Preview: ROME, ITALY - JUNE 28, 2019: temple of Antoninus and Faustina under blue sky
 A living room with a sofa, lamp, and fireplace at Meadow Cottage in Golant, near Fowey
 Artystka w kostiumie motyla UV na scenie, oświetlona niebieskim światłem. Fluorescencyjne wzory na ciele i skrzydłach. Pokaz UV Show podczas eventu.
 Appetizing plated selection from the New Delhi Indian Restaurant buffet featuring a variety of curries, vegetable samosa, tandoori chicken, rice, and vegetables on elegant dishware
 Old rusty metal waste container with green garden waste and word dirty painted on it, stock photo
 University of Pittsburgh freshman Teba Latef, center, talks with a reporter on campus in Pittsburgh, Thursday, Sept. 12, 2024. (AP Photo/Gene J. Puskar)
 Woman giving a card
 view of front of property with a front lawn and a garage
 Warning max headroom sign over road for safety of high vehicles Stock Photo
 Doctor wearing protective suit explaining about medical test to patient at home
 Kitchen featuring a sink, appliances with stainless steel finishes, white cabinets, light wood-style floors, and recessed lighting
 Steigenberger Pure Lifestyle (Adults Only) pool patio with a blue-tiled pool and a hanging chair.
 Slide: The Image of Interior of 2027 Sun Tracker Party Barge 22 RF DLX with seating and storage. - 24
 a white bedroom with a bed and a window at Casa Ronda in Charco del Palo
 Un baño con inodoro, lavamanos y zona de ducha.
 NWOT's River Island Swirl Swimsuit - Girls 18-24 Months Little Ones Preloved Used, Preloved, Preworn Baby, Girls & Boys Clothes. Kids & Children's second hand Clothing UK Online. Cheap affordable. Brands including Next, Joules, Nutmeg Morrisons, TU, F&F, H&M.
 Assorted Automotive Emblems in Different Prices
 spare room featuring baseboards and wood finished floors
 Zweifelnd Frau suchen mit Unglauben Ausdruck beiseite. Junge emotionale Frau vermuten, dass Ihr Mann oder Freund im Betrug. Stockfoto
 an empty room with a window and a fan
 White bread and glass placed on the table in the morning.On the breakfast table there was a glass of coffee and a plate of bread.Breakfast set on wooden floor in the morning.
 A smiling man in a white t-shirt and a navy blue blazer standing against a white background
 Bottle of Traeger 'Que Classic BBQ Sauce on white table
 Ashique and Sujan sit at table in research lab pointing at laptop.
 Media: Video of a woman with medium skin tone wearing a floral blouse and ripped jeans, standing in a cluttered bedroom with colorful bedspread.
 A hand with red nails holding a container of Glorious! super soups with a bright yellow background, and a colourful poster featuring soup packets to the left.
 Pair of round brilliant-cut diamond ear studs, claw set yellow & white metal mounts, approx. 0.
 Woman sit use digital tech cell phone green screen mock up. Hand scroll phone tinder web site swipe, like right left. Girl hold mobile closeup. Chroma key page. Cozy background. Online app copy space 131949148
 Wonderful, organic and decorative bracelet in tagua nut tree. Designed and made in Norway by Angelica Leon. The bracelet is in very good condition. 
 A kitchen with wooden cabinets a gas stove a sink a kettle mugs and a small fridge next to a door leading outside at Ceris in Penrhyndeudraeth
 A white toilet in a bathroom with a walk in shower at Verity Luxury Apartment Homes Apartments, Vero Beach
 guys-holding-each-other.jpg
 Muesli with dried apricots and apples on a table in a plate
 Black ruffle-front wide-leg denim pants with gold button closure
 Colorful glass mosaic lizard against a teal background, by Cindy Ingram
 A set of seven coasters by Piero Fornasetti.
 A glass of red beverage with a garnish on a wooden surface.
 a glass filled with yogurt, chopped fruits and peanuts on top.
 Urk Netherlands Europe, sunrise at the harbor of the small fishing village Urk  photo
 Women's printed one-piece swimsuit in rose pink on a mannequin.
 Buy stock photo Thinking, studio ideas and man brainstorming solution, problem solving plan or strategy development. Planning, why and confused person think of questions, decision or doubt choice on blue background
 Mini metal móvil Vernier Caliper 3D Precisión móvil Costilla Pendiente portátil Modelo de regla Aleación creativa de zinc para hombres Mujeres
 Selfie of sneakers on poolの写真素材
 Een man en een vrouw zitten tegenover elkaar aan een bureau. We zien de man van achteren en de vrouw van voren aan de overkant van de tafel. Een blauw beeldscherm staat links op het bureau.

▸ **Directions for this task**: Find each line in the records above that contains "Online", and copy it.

▸ **Output of the task**:
 NWOT's River Island Swirl Swimsuit - Girls 18-24 Months Little Ones Preloved Used, Preloved, Preworn Baby, Girls & Boys Clothes. Kids & Children's second hand Clothing UK Online. Cheap affordable. Brands including Next, Joules, Nutmeg Morrisons, TU, F&F, H&M.
 Woman sit use digital tech cell phone green screen mock up. Hand scroll phone tinder web site swipe, like right left. Girl hold mobile closeup. Chroma key page. Cozy background. Online app copy space 131949148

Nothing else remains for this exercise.